Premier Christy Clark is expected to call a by-election as early as Wednesday to seek a seat in the legislature. But the New Democrats didn't wait for the campaign to start to challenge her deficit-slayer image, criticizing her cabinet's decision to jack up the pay scale for top political staff.
NDP Opposition Leader Adrian Dix pounced on the salary changes while visiting the riding of Westside-Kelowna to announce his party's candidate to challenge Ms. Clark in the coming by-election. His MLAs and staffers followed up with a barrage of social media postings. The cabinet orders, dated June 3, were released by the NDP on Tuesday – a signal that Mr. Dix's team won't be trying to replicate its unsuccessful positive campaign style from the general election.

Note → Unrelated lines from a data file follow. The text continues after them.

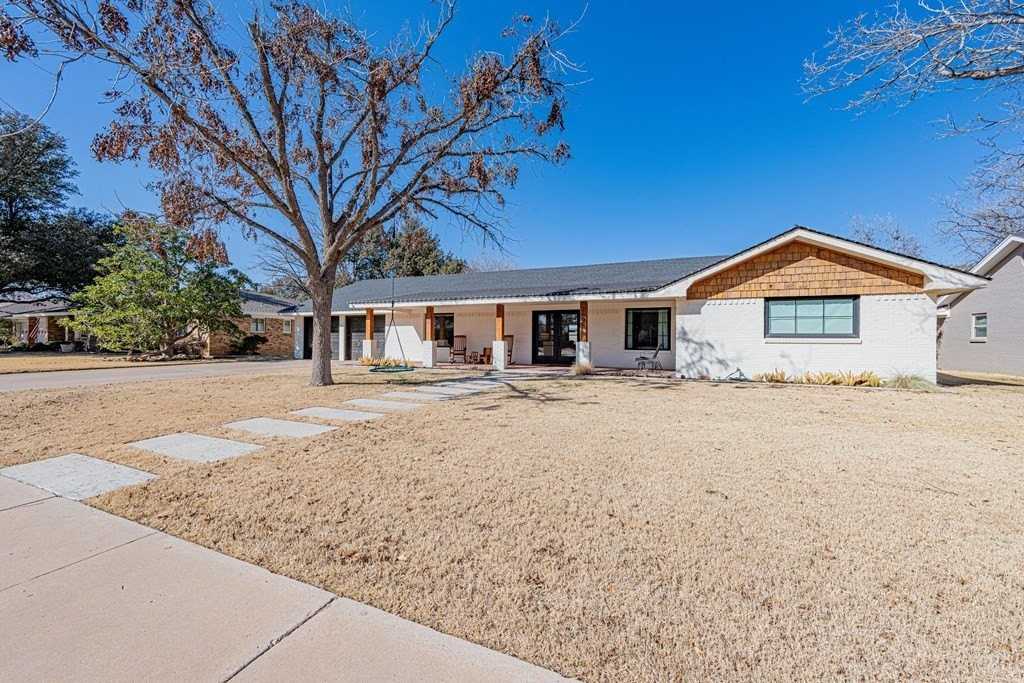 2600 W Dengar Ave - Photo 3 of 49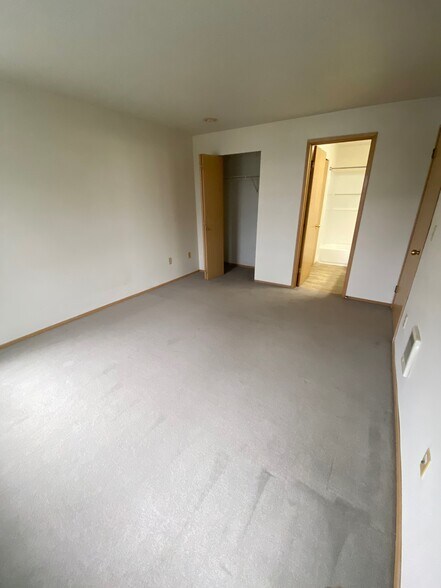 Second Bedroom/Closet - 132 24th Ave E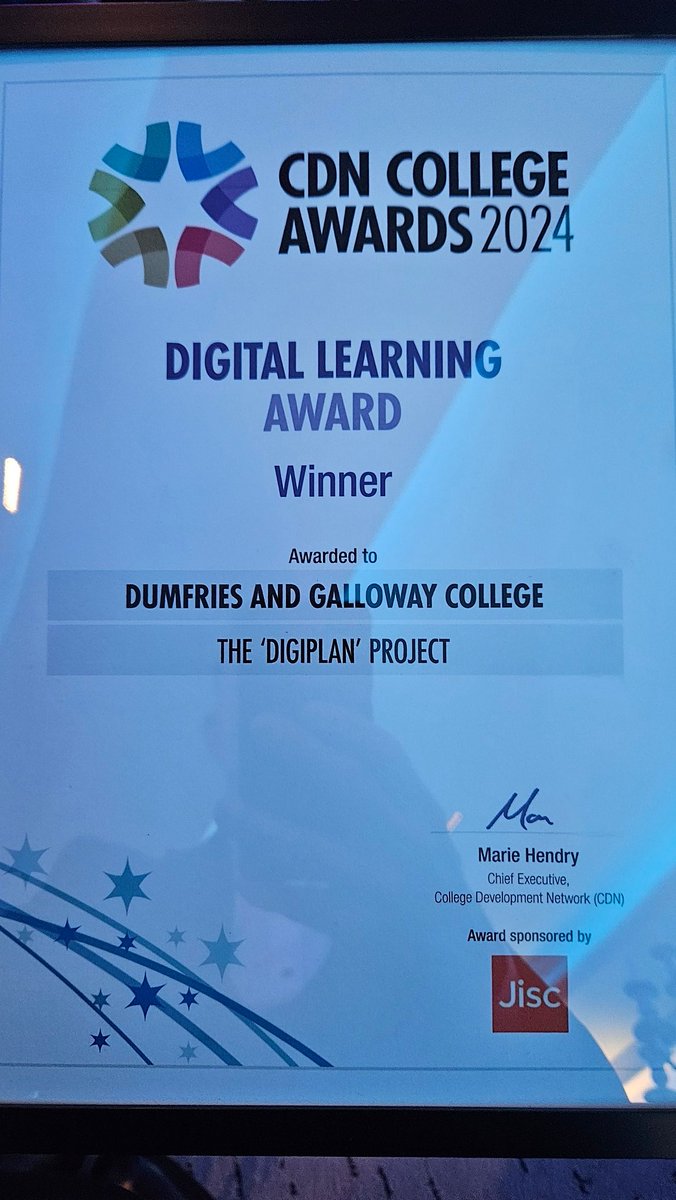 Douglas_edu tweet media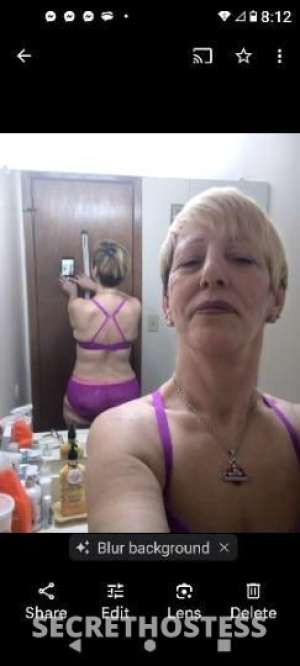 BRANDI 60Yrs Old Escort Racine WI Image - 1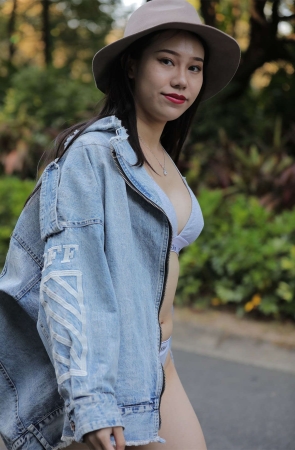 灰色比基尼
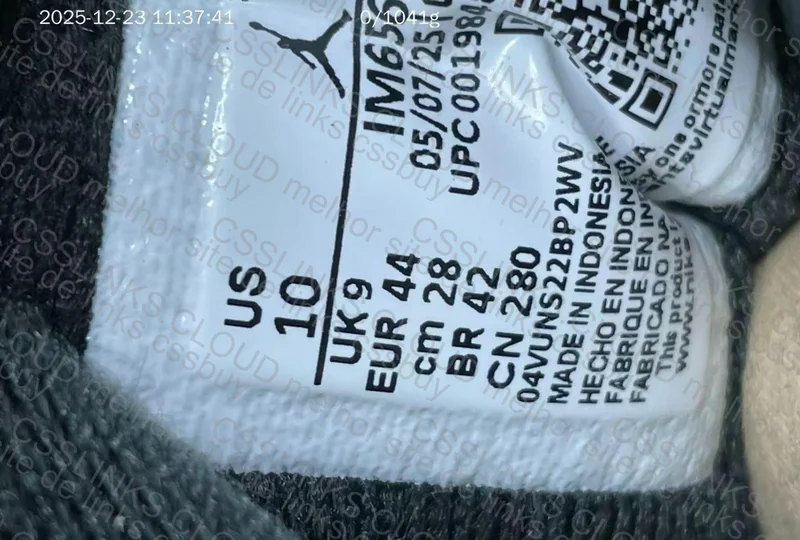 Air Jordan 1 Low DT 2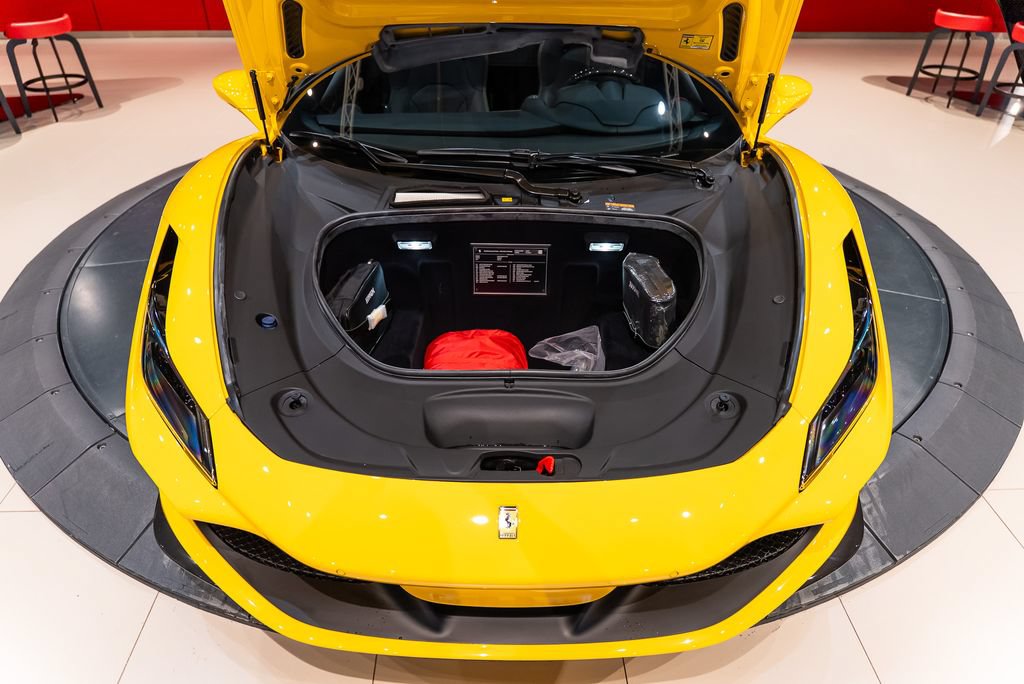 Certified 2021 Ferrari F8 Tributo RWD image 17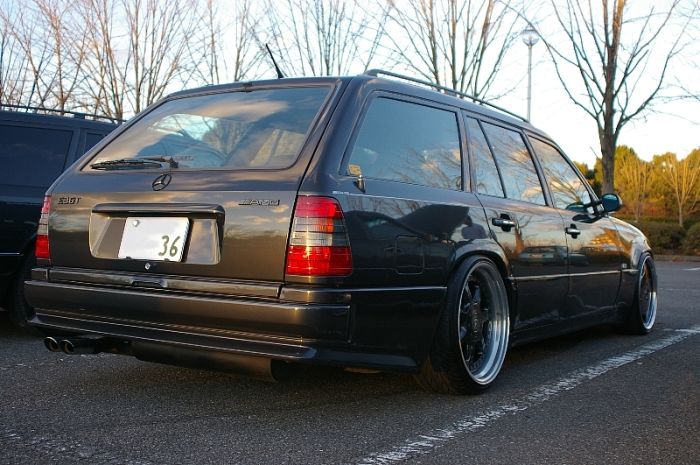 E - W124 AMG REAR BUMPER ESTATE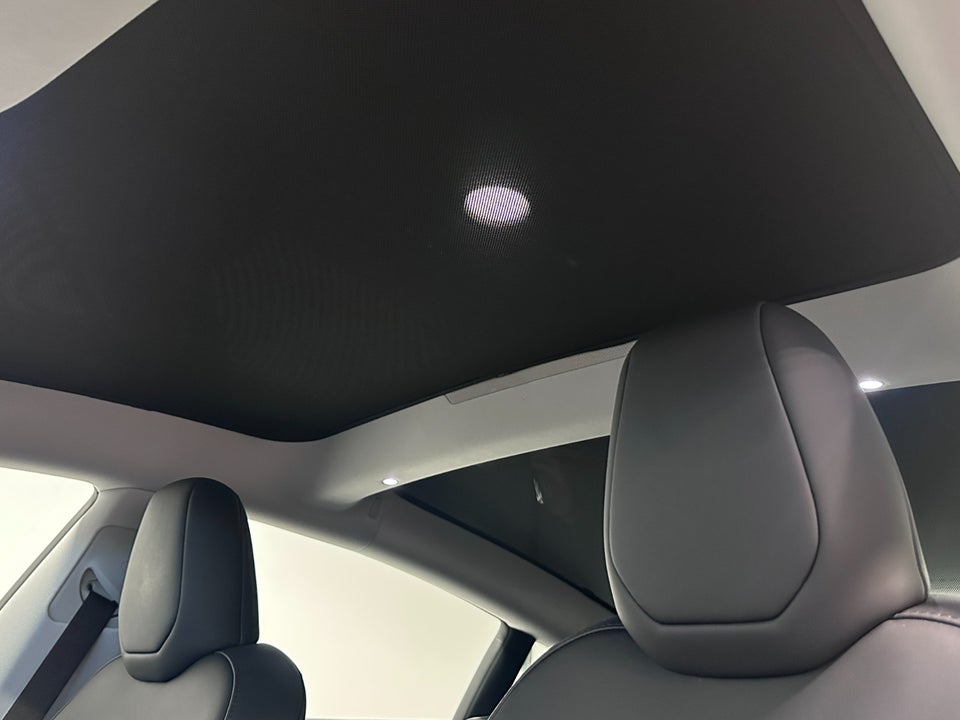 Tesla Model 3 RWD 4d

Mr. Dix contrasted the recent decision to impose fees on wheelchair users in a string of publicly owned residential care homes with one of Ms. Clark's first official acts of her new term of office: creating a more generous pay range for senior political aides.
"When the Premier campaigned in the election and said they were going to control public spending, I don't think anyone would have imagined that would mean new fees for seniors in wheelchairs, and massive salary increases for Liberal insiders," Mr. Dix told reporters.
Not all the political aides will automatically be in line for a raise, but the ceiling has been raised. As a result, Ms. Clark's new deputy chief of staff, Michele Cadario, will start at $195,000 per year, roughly $50,000 more than her predecessor. Ms. Cadario played a senior role in the B.C. Liberal election campaign, and replaces Kim Haakstad who was forced to resign over an ethnic outreach scheme that embarrassed the B.C. Liberal government before the election.
Ms. Clark brushed past reporters on Tuesday following a ceremony where her new 49-member caucus took their oaths of office.
It was left to Finance Minister Mike de Jong to defend the new compensation package for chiefs of staff. "From a fiscal point of view, the concern has been addressed in that the overall budget for staff is the same," said Mr. de Jong, who is expected to introduce a new budget in the next few weeks. "I think people understand a new government with a new mandate … may make changes of this sort. But they also want to know we are sharpening our pencils and that the budget is going to be balanced."
Ben Stewart took his oath of office as the MLA for Westside-Kelowna in the House, knowing that he'll be handing in his resignation soon to pave the way for Ms. Clark. "It was bittersweet," he said in an interview outside the chambers. "I look around the room, I look at my colleagues who worked really hard, put a lot of effort into winning their respective seats. You have to feel honoured to be one of the 915 MLAs who have ever sat in the [House]."
He admitted he wasn't happy when Ms. Clark decided to take him up on his offer to resign. "There were a number of us who had offered up … but when the call came I knew what it was about. It didn't make her feel good to have to ask me," he told reporters later on Tuesday. "It was disappointing at the start, but I am excited about the next 28 days."
The NDP have named Carole Gordon as their Westside-Kelowna candidate. Ms. Gordon, a public-school teacher, has lived in Kelowna for 40 years, while Ms. Clark will be parachuting in from Vancouver. But Mr. Stewart won the riding on May 14 nearly 6,200 votes ahead of Ms. Gordon. "The Premier was looking for a safe seat, and Westside-Kelowna was one of the best in the province – she'll do well there," Mr. Stewart said.